For the material that follows, return exactly the lines from the one with "Midnight Navy Velvet" through the one with "White Silk Handkerchief", both ends included.

Input material -

============

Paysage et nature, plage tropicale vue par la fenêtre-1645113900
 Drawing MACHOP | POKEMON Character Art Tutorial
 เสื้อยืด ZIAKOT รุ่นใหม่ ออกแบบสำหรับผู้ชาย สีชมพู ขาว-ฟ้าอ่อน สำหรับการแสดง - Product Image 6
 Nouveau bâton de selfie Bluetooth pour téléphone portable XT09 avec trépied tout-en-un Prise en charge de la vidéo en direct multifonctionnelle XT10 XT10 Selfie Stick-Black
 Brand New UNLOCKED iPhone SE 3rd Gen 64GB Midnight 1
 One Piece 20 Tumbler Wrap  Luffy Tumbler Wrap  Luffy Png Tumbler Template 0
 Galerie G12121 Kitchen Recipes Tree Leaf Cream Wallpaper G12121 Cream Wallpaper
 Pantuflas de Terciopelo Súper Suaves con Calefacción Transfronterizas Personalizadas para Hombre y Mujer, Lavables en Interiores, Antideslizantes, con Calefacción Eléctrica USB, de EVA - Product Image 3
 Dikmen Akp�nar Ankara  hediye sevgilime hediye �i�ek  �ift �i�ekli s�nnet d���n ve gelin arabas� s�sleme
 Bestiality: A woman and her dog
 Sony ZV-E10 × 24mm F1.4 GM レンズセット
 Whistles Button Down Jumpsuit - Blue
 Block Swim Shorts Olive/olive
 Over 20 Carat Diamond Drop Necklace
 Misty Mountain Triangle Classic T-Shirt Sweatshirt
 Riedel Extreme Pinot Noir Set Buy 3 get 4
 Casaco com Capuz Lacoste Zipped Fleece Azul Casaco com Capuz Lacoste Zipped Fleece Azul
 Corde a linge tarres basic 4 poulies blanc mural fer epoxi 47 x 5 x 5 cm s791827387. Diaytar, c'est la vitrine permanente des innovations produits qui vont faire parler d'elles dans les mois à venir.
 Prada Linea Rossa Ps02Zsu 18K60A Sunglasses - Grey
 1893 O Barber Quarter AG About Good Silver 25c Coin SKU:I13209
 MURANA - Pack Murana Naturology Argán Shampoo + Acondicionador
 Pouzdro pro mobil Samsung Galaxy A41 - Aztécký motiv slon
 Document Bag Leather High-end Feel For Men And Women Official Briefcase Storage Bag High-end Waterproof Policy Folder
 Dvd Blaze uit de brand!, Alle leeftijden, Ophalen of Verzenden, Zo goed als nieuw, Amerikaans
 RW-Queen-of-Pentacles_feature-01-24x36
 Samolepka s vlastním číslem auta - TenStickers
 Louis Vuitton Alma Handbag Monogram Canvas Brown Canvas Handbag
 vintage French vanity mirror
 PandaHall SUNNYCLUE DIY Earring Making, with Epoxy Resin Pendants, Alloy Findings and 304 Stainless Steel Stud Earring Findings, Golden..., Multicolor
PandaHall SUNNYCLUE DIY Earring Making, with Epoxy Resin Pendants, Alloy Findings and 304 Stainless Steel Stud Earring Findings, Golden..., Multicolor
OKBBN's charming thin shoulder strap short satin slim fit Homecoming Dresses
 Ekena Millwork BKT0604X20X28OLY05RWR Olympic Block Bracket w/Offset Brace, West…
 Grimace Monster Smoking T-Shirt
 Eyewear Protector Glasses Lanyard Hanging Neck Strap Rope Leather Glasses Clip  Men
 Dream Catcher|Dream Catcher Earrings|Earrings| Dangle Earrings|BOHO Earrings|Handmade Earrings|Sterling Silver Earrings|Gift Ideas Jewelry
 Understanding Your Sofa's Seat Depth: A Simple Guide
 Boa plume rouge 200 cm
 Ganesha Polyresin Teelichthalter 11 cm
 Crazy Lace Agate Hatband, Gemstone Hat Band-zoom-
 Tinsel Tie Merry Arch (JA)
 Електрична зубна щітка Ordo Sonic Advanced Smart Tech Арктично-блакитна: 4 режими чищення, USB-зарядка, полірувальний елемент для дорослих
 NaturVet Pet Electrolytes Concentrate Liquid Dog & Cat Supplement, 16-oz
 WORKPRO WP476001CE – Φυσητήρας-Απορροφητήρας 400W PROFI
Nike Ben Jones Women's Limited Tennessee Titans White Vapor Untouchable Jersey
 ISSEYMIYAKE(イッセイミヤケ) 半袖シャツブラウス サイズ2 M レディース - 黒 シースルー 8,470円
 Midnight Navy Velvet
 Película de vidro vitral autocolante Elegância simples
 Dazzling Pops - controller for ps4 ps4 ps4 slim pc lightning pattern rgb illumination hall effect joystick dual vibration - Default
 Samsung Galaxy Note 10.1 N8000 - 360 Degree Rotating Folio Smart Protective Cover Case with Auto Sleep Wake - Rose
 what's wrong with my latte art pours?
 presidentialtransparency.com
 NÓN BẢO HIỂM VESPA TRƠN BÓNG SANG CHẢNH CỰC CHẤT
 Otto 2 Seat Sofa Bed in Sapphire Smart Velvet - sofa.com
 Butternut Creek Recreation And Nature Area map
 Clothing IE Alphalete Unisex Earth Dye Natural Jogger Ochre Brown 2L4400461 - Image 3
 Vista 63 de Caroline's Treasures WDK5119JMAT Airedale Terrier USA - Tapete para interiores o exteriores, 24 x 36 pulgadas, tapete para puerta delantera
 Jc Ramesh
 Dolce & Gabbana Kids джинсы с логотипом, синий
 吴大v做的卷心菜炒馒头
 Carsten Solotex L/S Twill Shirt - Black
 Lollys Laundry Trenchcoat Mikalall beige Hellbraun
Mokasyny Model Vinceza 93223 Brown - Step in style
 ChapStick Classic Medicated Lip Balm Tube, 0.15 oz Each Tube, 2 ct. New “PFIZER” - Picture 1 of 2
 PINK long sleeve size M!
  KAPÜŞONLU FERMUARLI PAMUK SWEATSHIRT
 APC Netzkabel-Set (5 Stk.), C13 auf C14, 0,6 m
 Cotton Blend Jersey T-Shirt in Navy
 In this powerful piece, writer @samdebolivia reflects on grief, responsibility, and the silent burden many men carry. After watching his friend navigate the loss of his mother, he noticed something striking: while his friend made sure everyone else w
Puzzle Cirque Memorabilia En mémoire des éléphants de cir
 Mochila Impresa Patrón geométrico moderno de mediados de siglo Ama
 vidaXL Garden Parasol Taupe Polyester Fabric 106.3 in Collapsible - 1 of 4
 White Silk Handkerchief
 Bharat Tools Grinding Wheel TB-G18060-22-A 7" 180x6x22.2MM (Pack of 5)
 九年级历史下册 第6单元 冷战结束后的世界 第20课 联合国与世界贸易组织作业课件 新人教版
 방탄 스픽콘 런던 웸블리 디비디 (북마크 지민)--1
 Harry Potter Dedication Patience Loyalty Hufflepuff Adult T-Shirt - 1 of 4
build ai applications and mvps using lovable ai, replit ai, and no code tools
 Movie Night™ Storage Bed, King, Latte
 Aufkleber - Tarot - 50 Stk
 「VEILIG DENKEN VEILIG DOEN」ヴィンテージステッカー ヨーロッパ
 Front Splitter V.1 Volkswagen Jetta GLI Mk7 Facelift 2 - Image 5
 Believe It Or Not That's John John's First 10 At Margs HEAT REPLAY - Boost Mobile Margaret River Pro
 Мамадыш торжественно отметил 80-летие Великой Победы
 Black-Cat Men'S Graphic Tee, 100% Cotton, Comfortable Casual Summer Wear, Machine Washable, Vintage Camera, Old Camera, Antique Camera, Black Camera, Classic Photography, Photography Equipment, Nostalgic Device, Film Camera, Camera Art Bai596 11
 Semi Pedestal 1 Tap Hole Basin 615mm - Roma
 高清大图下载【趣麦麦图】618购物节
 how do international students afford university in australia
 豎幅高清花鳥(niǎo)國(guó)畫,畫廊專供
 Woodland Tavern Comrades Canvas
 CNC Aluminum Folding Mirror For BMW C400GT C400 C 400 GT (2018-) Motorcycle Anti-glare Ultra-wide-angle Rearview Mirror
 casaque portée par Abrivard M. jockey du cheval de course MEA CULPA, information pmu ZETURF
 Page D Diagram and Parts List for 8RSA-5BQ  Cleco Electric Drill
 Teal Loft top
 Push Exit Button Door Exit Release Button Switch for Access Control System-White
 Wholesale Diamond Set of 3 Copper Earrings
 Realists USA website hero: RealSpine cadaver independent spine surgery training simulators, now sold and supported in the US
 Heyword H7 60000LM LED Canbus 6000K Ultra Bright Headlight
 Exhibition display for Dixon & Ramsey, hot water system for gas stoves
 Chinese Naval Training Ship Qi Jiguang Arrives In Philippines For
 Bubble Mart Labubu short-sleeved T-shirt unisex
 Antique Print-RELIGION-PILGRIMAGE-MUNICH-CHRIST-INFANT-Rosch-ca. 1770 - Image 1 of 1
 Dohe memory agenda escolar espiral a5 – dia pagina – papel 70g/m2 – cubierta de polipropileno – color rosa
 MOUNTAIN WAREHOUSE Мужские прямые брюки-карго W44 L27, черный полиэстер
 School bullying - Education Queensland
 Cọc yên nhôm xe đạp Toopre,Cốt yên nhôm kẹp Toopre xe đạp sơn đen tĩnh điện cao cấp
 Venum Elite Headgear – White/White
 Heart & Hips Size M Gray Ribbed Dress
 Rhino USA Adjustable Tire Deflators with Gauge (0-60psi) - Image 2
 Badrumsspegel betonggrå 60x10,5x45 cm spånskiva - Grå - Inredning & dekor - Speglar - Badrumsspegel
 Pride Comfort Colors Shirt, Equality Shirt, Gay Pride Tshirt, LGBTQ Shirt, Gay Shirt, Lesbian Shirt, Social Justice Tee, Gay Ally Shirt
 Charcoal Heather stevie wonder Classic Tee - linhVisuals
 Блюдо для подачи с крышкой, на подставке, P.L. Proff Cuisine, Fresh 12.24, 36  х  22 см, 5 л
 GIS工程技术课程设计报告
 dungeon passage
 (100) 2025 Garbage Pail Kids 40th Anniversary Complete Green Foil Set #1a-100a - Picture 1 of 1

============

Exercise response -
 Midnight Navy Velvet
 Película de vidro vitral autocolante Elegância simples
 Dazzling Pops - controller for ps4 ps4 ps4 slim pc lightning pattern rgb illumination hall effect joystick dual vibration - Default
 Samsung Galaxy Note 10.1 N8000 - 360 Degree Rotating Folio Smart Protective Cover Case with Auto Sleep Wake - Rose
 what's wrong with my latte art pours?
 presidentialtransparency.com
 NÓN BẢO HIỂM VESPA TRƠN BÓNG SANG CHẢNH CỰC CHẤT
 Otto 2 Seat Sofa Bed in Sapphire Smart Velvet - sofa.com
 Butternut Creek Recreation And Nature Area map
 Clothing IE Alphalete Unisex Earth Dye Natural Jogger Ochre Brown 2L4400461 - Image 3
 Vista 63 de Caroline's Treasures WDK5119JMAT Airedale Terrier USA - Tapete para interiores o exteriores, 24 x 36 pulgadas, tapete para puerta delantera
 Jc Ramesh
 Dolce & Gabbana Kids джинсы с логотипом, синий
 吴大v做的卷心菜炒馒头
 Carsten Solotex L/S Twill Shirt - Black
 Lollys Laundry Trenchcoat Mikalall beige Hellbraun
Mokasyny Model Vinceza 93223 Brown - Step in style
 ChapStick Classic Medicated Lip Balm Tube, 0.15 oz Each Tube, 2 ct. New “PFIZER” - Picture 1 of 2
 PINK long sleeve size M!
  KAPÜŞONLU FERMUARLI PAMUK SWEATSHIRT
 APC Netzkabel-Set (5 Stk.), C13 auf C14, 0,6 m
 Cotton Blend Jersey T-Shirt in Navy
 In this powerful piece, writer @samdebolivia reflects on grief, responsibility, and the silent burden many men carry. After watching his friend navigate the loss of his mother, he noticed something striking: while his friend made sure everyone else w
Puzzle Cirque Memorabilia En mémoire des éléphants de cir
 Mochila Impresa Patrón geométrico moderno de mediados de siglo Ama
 vidaXL Garden Parasol Taupe Polyester Fabric 106.3 in Collapsible - 1 of 4
 White Silk Handkerchief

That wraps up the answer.